Toplantıda ilk konuşmayı yapan Türkiye Gazeteciler Federasyonu Başkanı Atilla Sertel, demokrasinin güçlenmesinin, yerel basının güçlenmesinden geçtiğini söyledi. Gazetecilerin yıprandığını belirten Sertel, "Gazeteciler yıpranmıyor gibi görünüyor, oysa siyasiler evine gidip dinlerinken bile onlar siyasileri bekliyor. Olaylar başladığında polisin arkasına geçse karşı taraftan gelen taşlara, karşı tarafa geçse biber gazına maruz kalmaktadır. Bir de gazetecilerin yasal sıkıntıları var. 10 bine yakın basındavası sürmektedir. Yine acı olan, gazeteciler tutukludur. Biz, `Gazeteciler yargılanmasın ve ayrıcalık sağlansın` demiyoruz, diyemeyiz. Uzun süren tutukluluklar hem aileyi hem okuru hem gazeteciyi hem onu okuyan binlerce okuru cezalandırıyor. Hele onların içinde Mustafa Balbay ve Mehmet Haberal gibi milletvekili seçilmiş insanların olması Meclis`te eksiklik olarak görülmektedir" dedi.

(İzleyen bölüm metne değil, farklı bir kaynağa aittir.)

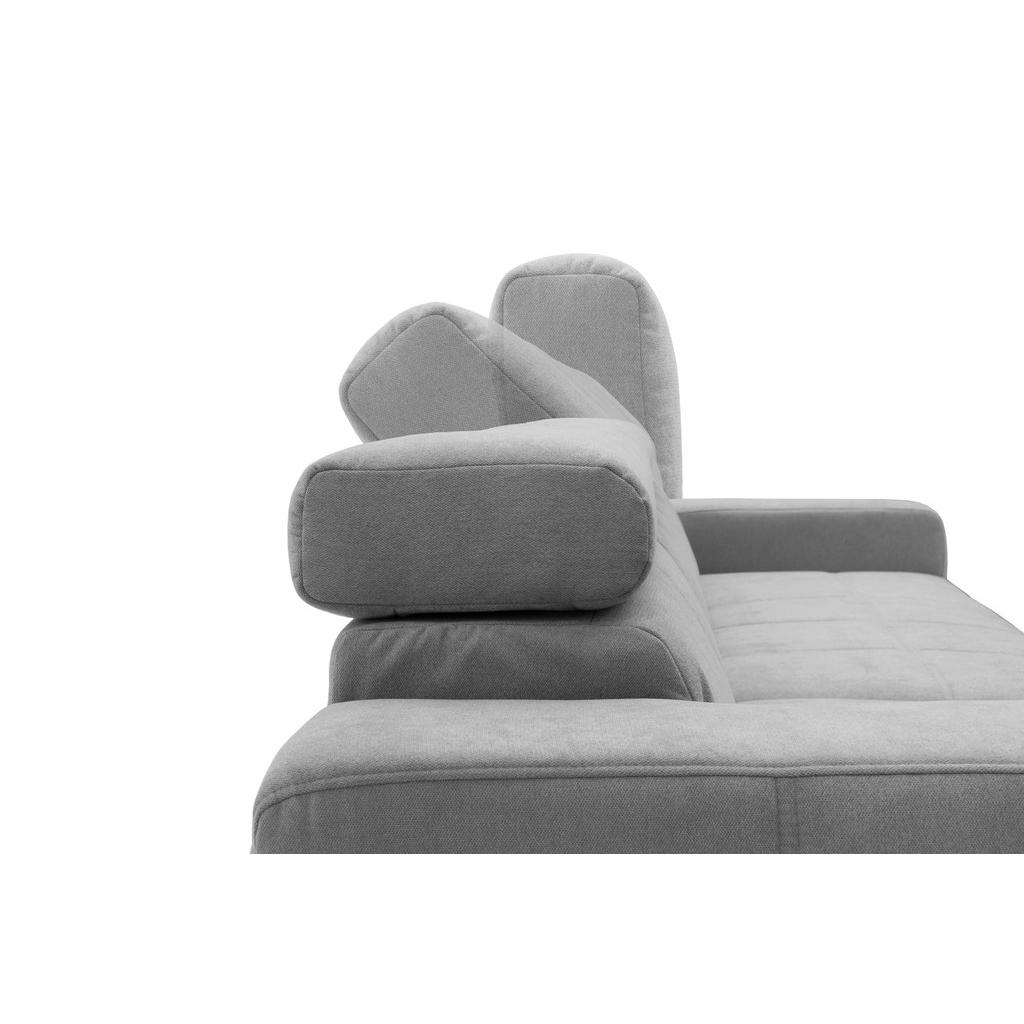 Thumbnail - Mid.you Ecksofa, Dunkelgrau, Textil, Uni, 3-Sitzer, Ottomane links, L-Form, 285x175 cm, Made in EU, FSC Mix, Rücken echt...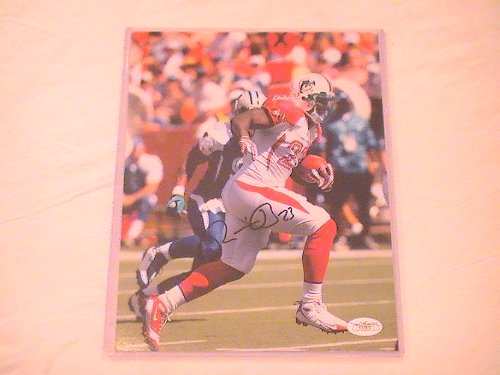 RONNIE BROWN SIGNED AUTOGRAPHED 8/10 PHOTO MIAMI DOLPHINS COA + HOLOGRAM JSA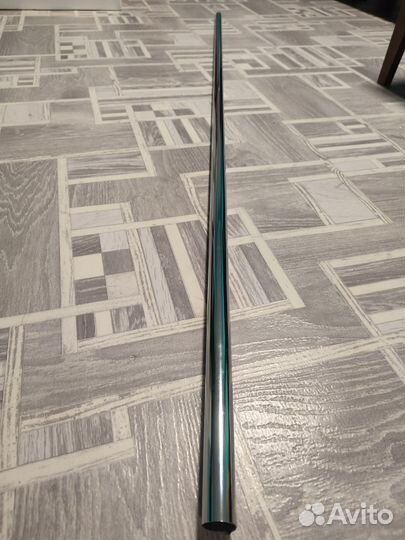 Штанга перекладина хром для мебели труба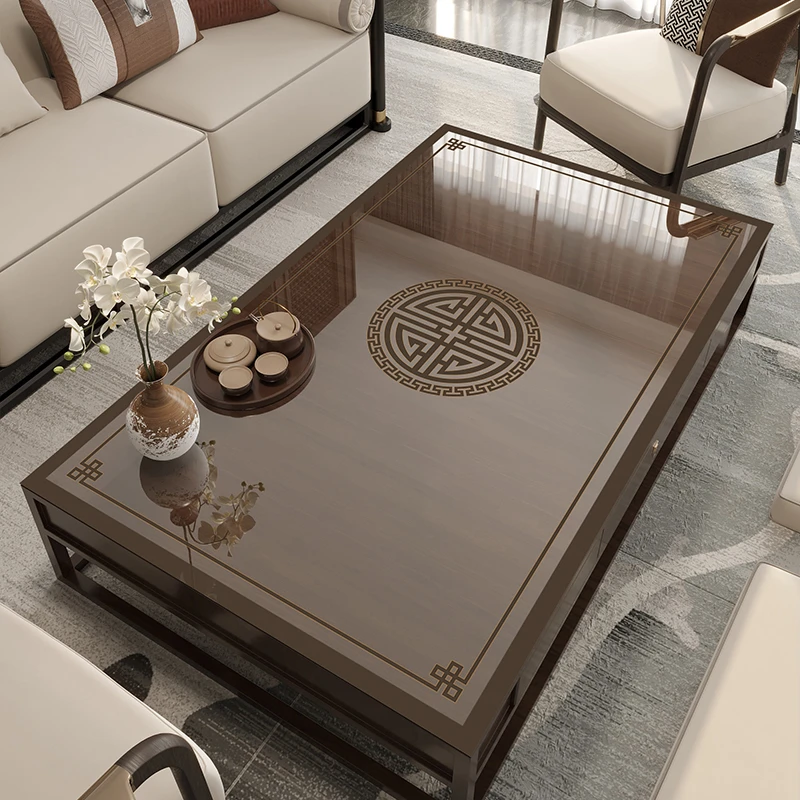 桌垫茶几专用桌布防水防油防烫透明软玻璃水晶板新中式PVC餐桌垫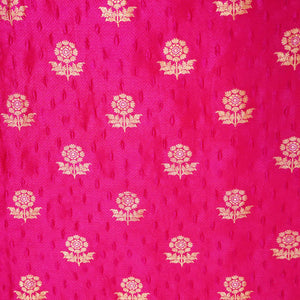 Magenta Mina Booti Texture Dupion Silk YF-24401
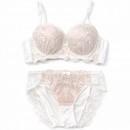 【女装サイズ】 お嬢様系 清楚レイヤード ブラショーツセット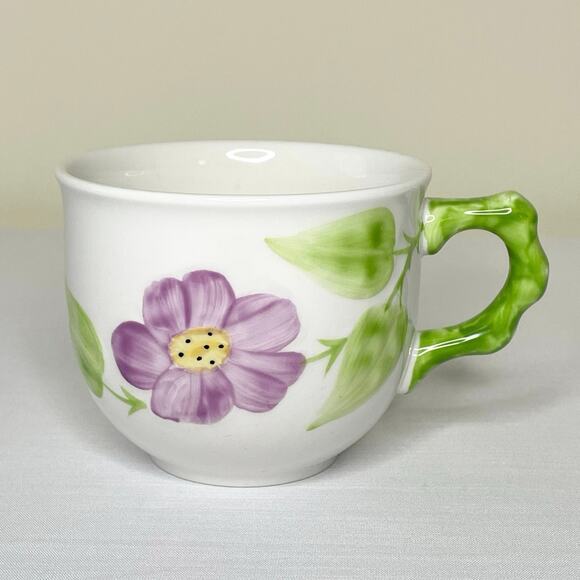 VTG Villeroy & Boch Spring Rose Violett Country Collection Cup & Saucer | EUC - Picture 3 of 10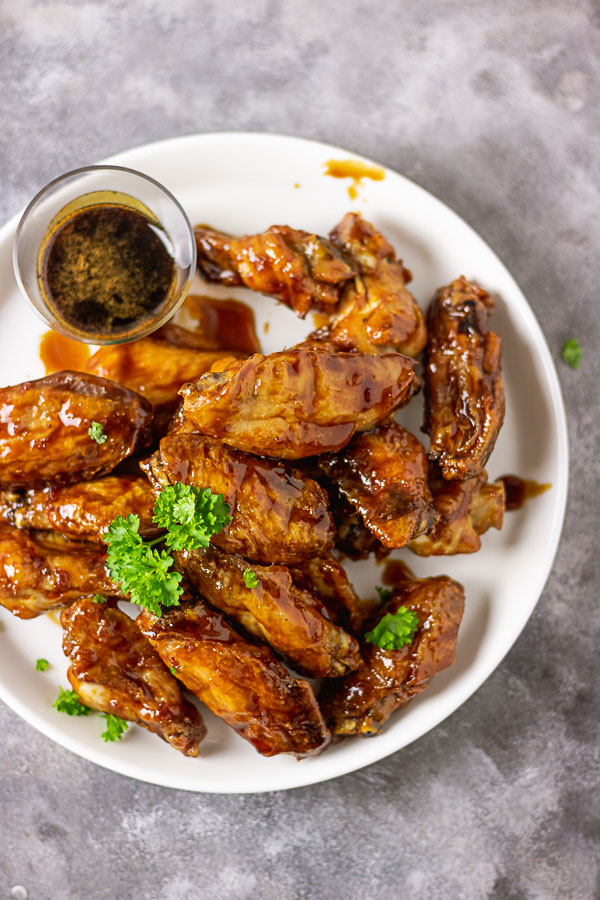 Sticky Asian Chicken Wings - My Active Kitchen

Daha sonra söz alan AK Parti İzmir Milletvekili ve Ulaştırma Bakanı Binali Yıldırım, son yaşanan terör olaylarına değinerek "Kuzeyde, güneyde, Alevi`si, Sünni`si, hep beraber bu mücadele verdik. Bu topraklarda bin yıl birlikte yaşadık. Bu anlayışımıza ayrılık gayrılık getirmeye çalışanlar boşuna heveslenmesin. Asla ve asla bu gibi girişimlere prim vermeyiz, rağbet etmeyiz. Ay yıldızlı bayrağımızın altında tek devlet, tek millet, tek ülke olarak var olmaya, ülkemizi kalkındırmaya devam edeceğiz. Buülkenin geleceği için söyleyecek sözü olan varsa bıraksınlar silahı, kavgayı. Oturalım konuşalım. Eksikliklerimizi, hatalarımızı konuşalım, bunları düzeltmek için ne yapmak gerekiyorsa onu konuşalım. Masum insanları öldürmenin, yiğit Mehmetleri şehit etmenin bu ülkeye getireceği hiçbir şey yok. Derin acılar getirir, hiç arzu etmediğimiz husumetleri oluşturur. Bundan kaçınmamız lazım" diye konuştu.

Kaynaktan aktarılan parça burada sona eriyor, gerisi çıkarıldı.